35話
前回のダンジョン探索から2週間が経った。
その間にカイの傷も治った。
そして、その日の授業でアルドレッドとセレスから連絡を受けた。
「明日からは、それぞれのクラスでダンジョンに潜ると連絡が来た。そのため1週間はこの授業は休みだ。A組から順番に1日1クラスで探索するそうだ。」
カイはこのことを言われるまで忘れていた。そして自分はFクラスだから6日後だと認識した。

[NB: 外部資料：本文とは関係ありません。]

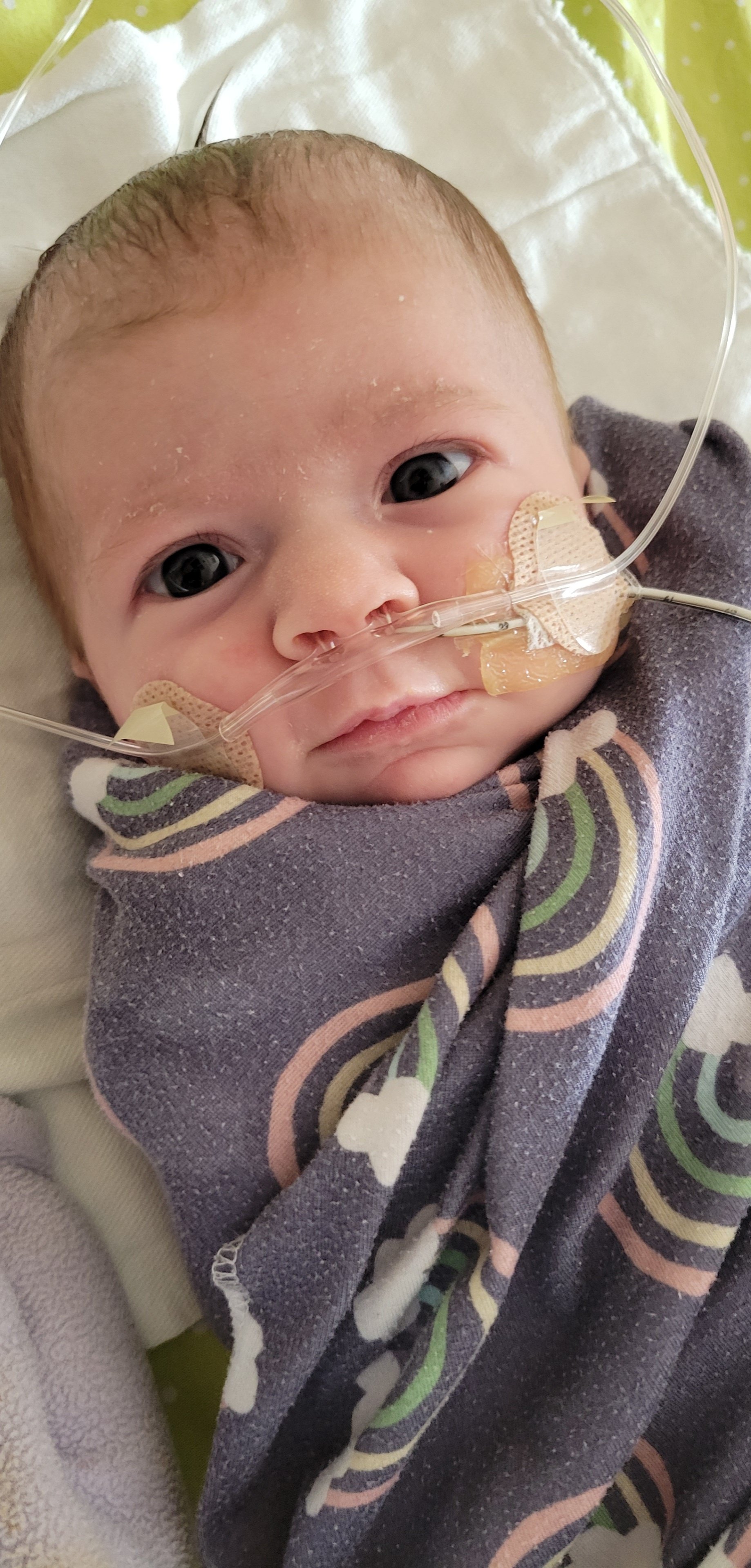 Avery - Casey Patterson - LCDH ECMO 3.jpg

「お前たちは先にダンジョン探索をしてるが油断しないようにな。」
この2週間冒険者体験の授業では座学か模擬戦しかしていなかったため、生徒たちはダンジョンに1回しか潜っていない。
「今日はここまでだ。」
アルドレッドとセレスはそのまま教室から出て行ってしまった。
カイとミカ以外の生徒はそれぞれグループごとに集まり、クラス単位のダンジョン探索のそれぞれの思いを話していた。その中には「他の奴と探索したらどんな感じに変わるんだろう?」や「他の人は探索したことないから不安だね。」などがあった。

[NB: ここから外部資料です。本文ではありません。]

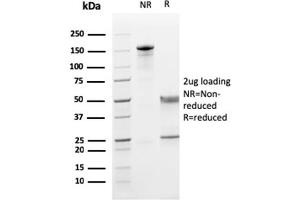 SDS-PAGE Analysis Purified CD5 Mouse Monoclonal Antibody (CD5/2419). (CD5 Antikörper  (AA 269-366))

カイは特に何も思っていなかったが、ミカは少し不安に思っていた。
「そんなに不安にならなくてもミカは強いから大丈夫だよ。」
「...ありがとう。はぁ~。変な人がグループにいないと良いな。」
今回の探索は、クラスを3つのグループに分け、そのグループ1つ1つに教員が補助として入ることになっていた。
「確かに。でも、ミカならすぐ人と仲良くなれるから大丈夫だって。」
「そうかな...?それよりも、カイも気を付けてね。」
「ミカもね。」
カイとミカはクラス単位のダンジョン探索の話しを止め、ミカに修業をつけるため演習場に向かった。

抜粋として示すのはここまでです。